Every year around March, when we’re sick of winter, a sunny Saturday is in the wings, and it’s above freezing, Brian or I will mention that if we were really ambitious, we would wash windows.
The other one, whichever the case may be, will glance through the nearest unsightly window and after careful consideration, say, “Nah.”
Then the months pass, the windows get dirtier, and before you know it, another March has arrived.
Here it is late October. So when Brian’s inner Heloise kicked in last night, and he suggested that we wash windows today, I was taken aback.
That’s late March talk, I thought. That’s the kind of thing that is forgotten for another year by April once the lawn needs mowed and other warm-weather duties swamp the chore list.
It wouldn’t be such a bad job if the screens weren’t such a pain. You have to hold your mouth just so and speak a little French directly at them, and often at each other, to wrestle them out or worse, back in place. A few of them are bent so badly that one small animal or hundreds of large insects could fly in around the gaps. The bent places no doubt came from us trying to force the screens into place while hurling insults at them. In French, of course.

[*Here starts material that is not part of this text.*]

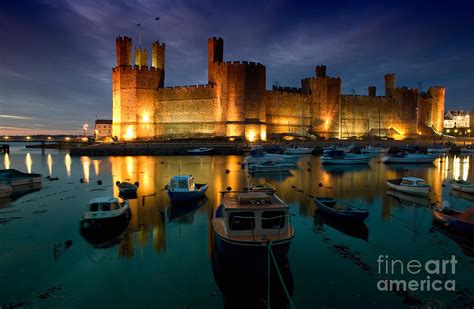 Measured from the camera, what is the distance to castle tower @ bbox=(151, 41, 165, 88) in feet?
130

You would think that a grown person, or two of them, would know for sure that screens and every other object will not fit better by applying brute force.

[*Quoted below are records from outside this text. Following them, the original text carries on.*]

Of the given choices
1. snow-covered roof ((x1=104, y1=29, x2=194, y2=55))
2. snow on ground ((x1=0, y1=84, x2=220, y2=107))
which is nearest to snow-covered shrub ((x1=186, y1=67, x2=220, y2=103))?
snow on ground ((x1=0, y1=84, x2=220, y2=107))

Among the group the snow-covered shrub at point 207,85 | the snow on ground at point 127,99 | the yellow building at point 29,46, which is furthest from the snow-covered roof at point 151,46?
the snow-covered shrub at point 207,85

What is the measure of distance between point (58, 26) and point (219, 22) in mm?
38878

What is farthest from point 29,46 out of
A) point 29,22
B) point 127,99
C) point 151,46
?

But then, every now and then, a screen will just gracefully drop itself into place, leaving us wondering how that happened, and trying to duplicate the effort with the next window.
Who knew that washing windows was such a popular topic? I asked for suggestions on Facebook and got about 20 responses. Some offered recipes featuring things like vinegar and ammonia. Others hinted that the wiping materials – paper towels or rags or special cloths—were the secret to sparkle.

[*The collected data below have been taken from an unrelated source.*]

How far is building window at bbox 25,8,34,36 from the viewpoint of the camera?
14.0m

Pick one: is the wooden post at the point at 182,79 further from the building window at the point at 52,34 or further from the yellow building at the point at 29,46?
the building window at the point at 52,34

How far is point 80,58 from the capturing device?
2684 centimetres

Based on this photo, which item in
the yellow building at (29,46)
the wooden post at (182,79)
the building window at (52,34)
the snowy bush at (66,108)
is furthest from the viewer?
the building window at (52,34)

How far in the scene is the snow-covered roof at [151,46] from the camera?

Several promoted the use of newspapers. While I could kiss anyone who promotes newspapers in any way, I find the prospect of using them as cleaning materials a bit daunting.
We went with store-brand window cleaner and store-brand paper towels. They worked great! (We also bought store-brand toilet paper this week. Will let you know how that goes).
Brian worked outside and I was stationed inside. For the screens, we scrubbed them with orange-scented Spic & Span /water mixture applied with a brush and then sprayed with the hose. But the secret to clean screens doesn’t end there. That’s been my mistake before! This time I went over the screens, drying them with paper towels and pulled off a lot of loosened grime that would have dried back in place.
A couple of hours later, we had crystal-clear windows, and we vowed to do this more often. I imagine that means that five or 10 Marches from now, we’ll revisit the topic.
Brian is prancing around admiring our work as I write this. He said the cheap stuff worked great, didn’t it? He wants some props. I told him it did, indeed.
Trying not to brag, he said with humility, in a “good-enough” sort of way, “We’re not doing the governor’s mansion.”
Good thing. That house has a ton more windows than we do. And the screens are a lot older. Probably bent.
It would require a lot more French than I know.